● **PROBLEM TO WORK ON**
When you output the entries, begin with the first line and end with the line containing "Valentino Garavani Pebbled", keeping each line exactly as it is.

(GIVEN DATA Opens)

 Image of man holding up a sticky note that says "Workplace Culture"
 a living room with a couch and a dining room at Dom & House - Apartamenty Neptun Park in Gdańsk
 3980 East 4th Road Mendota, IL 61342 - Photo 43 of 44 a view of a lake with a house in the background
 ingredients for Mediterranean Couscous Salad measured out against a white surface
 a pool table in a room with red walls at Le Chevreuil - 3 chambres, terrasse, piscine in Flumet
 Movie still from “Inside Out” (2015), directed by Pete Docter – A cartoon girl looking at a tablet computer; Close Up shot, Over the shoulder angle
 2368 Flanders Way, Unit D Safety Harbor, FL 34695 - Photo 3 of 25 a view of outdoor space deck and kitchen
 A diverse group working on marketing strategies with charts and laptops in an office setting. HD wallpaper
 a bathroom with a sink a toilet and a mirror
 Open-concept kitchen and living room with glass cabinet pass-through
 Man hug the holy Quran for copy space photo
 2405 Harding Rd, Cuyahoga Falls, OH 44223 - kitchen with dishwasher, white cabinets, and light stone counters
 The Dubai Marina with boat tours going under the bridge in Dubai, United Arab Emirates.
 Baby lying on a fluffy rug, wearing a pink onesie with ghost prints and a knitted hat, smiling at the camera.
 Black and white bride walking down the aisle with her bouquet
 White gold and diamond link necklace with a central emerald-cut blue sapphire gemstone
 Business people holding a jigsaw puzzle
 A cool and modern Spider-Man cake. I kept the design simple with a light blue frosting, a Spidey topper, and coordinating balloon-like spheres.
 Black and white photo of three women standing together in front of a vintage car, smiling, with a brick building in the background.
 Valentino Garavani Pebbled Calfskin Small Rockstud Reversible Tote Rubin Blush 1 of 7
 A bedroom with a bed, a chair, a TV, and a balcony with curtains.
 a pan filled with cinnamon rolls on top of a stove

(GIVEN DATA Closes)

● **SOLVED EXERCISE**
 Image of man holding up a sticky note that says "Workplace Culture"
 a living room with a couch and a dining room at Dom & House - Apartamenty Neptun Park in Gdańsk
 3980 East 4th Road Mendota, IL 61342 - Photo 43 of 44 a view of a lake with a house in the background
 ingredients for Mediterranean Couscous Salad measured out against a white surface
 a pool table in a room with red walls at Le Chevreuil - 3 chambres, terrasse, piscine in Flumet
 Movie still from “Inside Out” (2015), directed by Pete Docter – A cartoon girl looking at a tablet computer; Close Up shot, Over the shoulder angle
 2368 Flanders Way, Unit D Safety Harbor, FL 34695 - Photo 3 of 25 a view of outdoor space deck and kitchen
 A diverse group working on marketing strategies with charts and laptops in an office setting. HD wallpaper
 a bathroom with a sink a toilet and a mirror
 Open-concept kitchen and living room with glass cabinet pass-through
 Man hug the holy Quran for copy space photo
 2405 Harding Rd, Cuyahoga Falls, OH 44223 - kitchen with dishwasher, white cabinets, and light stone counters
 The Dubai Marina with boat tours going under the bridge in Dubai, United Arab Emirates.
 Baby lying on a fluffy rug, wearing a pink onesie with ghost prints and a knitted hat, smiling at the camera.
 Black and white bride walking down the aisle with her bouquet
 White gold and diamond link necklace with a central emerald-cut blue sapphire gemstone
 Business people holding a jigsaw puzzle
 A cool and modern Spider-Man cake. I kept the design simple with a light blue frosting, a Spidey topper, and coordinating balloon-like spheres.
 Black and white photo of three women standing together in front of a vintage car, smiling, with a brick building in the background.
 Valentino Garavani Pebbled Calfskin Small Rockstud Reversible Tote Rubin Blush 1 of 7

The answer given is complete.